Police have charged at least six alleged white nationalists who assaulted a black man in a bar outside of Pittsburgh, Penn., with ethnic intimidation after they jumped the man in a back room.
According to KDKA-TV, the alleged assault took place on July 7 in Avalon, just six miles outside of Pittsburgh, at the Jackman Inn bar. Avalon police say the group of men who attacked a black patron, Paul Morris, bore tattoos and clothing with insignia from the hate group, Keystone United. The group is recognized by the Southern Poverty Law Center, which tracks hate groups throughout the country, and was formerly known as the Keystone State Skinheads.
The bar manager, Jackie Scanlon, says Morris had gone in a back room to talk to a friend when he was called a racial slur by the group of white men, who were playing pool.

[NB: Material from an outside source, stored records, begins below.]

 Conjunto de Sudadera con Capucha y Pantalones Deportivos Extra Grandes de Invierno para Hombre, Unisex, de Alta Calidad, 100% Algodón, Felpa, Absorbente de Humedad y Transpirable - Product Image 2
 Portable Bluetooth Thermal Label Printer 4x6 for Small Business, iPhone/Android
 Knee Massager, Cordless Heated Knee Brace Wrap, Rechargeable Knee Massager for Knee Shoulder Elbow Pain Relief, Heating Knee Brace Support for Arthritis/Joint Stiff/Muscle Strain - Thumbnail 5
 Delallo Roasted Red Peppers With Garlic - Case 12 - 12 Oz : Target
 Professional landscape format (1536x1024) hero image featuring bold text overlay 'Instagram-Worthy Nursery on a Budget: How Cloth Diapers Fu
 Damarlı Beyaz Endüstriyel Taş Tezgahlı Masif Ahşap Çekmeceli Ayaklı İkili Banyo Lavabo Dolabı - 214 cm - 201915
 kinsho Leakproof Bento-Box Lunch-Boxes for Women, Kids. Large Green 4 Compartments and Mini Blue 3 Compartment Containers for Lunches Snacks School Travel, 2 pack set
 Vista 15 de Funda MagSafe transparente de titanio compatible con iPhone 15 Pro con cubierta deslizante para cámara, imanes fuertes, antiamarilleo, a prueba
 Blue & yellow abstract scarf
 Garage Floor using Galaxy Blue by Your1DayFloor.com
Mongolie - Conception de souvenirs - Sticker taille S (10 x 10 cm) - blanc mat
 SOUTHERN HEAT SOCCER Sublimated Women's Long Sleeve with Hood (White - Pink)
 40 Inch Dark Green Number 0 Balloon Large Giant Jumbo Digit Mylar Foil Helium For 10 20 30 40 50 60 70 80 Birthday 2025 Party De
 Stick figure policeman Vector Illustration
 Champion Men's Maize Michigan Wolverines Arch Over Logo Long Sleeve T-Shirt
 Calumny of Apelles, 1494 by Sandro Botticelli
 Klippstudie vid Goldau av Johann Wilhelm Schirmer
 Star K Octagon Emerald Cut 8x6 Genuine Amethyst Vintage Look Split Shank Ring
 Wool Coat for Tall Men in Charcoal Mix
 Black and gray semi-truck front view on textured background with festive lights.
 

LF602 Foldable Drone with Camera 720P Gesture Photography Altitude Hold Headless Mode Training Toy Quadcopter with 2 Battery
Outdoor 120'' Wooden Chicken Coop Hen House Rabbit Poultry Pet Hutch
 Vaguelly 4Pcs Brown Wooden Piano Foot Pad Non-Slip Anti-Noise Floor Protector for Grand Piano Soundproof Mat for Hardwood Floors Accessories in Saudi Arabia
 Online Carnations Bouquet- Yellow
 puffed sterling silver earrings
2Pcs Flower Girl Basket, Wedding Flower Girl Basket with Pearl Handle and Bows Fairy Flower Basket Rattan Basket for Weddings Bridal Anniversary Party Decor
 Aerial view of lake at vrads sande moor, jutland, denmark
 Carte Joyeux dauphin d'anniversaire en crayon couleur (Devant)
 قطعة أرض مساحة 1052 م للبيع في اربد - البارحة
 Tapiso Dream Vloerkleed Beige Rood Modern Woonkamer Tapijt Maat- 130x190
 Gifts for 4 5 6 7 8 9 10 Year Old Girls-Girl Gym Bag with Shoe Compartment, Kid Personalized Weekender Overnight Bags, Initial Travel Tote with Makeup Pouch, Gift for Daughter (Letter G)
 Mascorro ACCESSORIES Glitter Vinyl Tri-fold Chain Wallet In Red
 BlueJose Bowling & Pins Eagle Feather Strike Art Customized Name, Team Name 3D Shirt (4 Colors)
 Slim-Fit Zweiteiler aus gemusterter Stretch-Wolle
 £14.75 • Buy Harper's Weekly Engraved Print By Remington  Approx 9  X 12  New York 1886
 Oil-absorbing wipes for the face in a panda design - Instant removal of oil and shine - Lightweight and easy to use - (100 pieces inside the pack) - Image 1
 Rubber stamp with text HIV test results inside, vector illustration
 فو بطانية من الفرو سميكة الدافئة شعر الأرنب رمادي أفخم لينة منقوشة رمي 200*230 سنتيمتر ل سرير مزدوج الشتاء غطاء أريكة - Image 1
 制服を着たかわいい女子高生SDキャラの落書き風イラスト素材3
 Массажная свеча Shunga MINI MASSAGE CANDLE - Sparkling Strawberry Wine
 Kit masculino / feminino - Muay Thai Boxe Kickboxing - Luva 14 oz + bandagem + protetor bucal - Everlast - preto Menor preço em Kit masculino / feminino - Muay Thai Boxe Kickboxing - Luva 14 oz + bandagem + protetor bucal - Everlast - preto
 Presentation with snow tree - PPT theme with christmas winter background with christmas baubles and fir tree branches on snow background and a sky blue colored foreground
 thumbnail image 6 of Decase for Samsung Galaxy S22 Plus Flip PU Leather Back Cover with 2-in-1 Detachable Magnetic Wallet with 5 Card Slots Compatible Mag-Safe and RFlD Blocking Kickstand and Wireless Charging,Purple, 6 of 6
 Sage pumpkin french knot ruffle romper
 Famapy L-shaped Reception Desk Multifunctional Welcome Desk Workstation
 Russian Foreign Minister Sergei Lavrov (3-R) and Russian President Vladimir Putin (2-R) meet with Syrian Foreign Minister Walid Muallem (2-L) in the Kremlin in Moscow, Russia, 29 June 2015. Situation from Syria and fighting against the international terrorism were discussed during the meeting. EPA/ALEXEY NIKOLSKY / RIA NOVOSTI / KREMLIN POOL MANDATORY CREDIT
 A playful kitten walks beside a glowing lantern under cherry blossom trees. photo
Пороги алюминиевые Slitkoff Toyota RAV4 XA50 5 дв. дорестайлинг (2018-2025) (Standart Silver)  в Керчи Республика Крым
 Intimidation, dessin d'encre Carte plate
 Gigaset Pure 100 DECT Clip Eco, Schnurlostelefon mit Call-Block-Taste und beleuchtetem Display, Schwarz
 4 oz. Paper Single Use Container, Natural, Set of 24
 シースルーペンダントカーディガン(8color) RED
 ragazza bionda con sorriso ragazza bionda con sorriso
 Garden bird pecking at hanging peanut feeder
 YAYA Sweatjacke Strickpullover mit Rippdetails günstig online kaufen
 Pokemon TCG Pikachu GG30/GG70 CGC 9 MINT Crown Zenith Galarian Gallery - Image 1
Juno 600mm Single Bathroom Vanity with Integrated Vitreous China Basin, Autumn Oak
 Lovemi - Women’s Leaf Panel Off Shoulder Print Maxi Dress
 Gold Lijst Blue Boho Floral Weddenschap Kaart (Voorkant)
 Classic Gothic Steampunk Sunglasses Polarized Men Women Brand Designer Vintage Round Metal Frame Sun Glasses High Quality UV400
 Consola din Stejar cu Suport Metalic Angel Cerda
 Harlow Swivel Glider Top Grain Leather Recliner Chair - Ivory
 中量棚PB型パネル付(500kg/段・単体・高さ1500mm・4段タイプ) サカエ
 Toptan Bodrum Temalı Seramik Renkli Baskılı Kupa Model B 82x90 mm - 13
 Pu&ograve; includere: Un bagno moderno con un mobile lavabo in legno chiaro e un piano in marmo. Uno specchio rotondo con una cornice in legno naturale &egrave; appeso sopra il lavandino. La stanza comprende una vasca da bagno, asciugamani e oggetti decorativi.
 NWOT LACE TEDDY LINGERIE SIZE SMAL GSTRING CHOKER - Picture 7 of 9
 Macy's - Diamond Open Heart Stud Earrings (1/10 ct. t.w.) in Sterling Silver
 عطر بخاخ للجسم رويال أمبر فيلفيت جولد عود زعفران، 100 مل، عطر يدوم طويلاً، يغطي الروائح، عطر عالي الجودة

Scanlon said when a bartender asked the group to leave, they attacked Morris.
“Eight of them jumped Paul,” Scanlon said. “He was hit in the face. He bent down to pick up his glasses, he was hit again.”
In a phone conversation with KDKA-TV, Pittsburgh’s CBS affiliate station, Morris said the group told him they would eradicate black people one by one before proceeding to attack him.
“They attacked me because they had hate in their hearts. I didn’t do anything to these people personally,” Morris told the TV station.
Avalon police charged the men with simple assault—a misdemeanor that carries a 2-year maximum sentence, ethnic intimidation, conspiracy for simple assault, and a conspiracy for ethnic intimidation. (Ethnic intimidation is the term the state of Pennsylvania uses for hate crimes.)
In 2009, the Keystone State Skinheads neo-Nazi group rebranded as a white nationalist organization, and remain among “the largest and most active single-state racist skinhead crews in the country,” the SPLC says.
The group’s tagline is “freedom through nationalism.”
Researchers say reported hate crimes have been on the rise for the last several years. One recent study found hate crimes had increased for the fourth consecutive year in 2017. While the numbers aren’t in for 2018 yet, one spokesman for The Center for the Study of Hate and Extremism recently told USA Today that influential election years, like this one, often see an uptick in hate crimes toward the end of the year.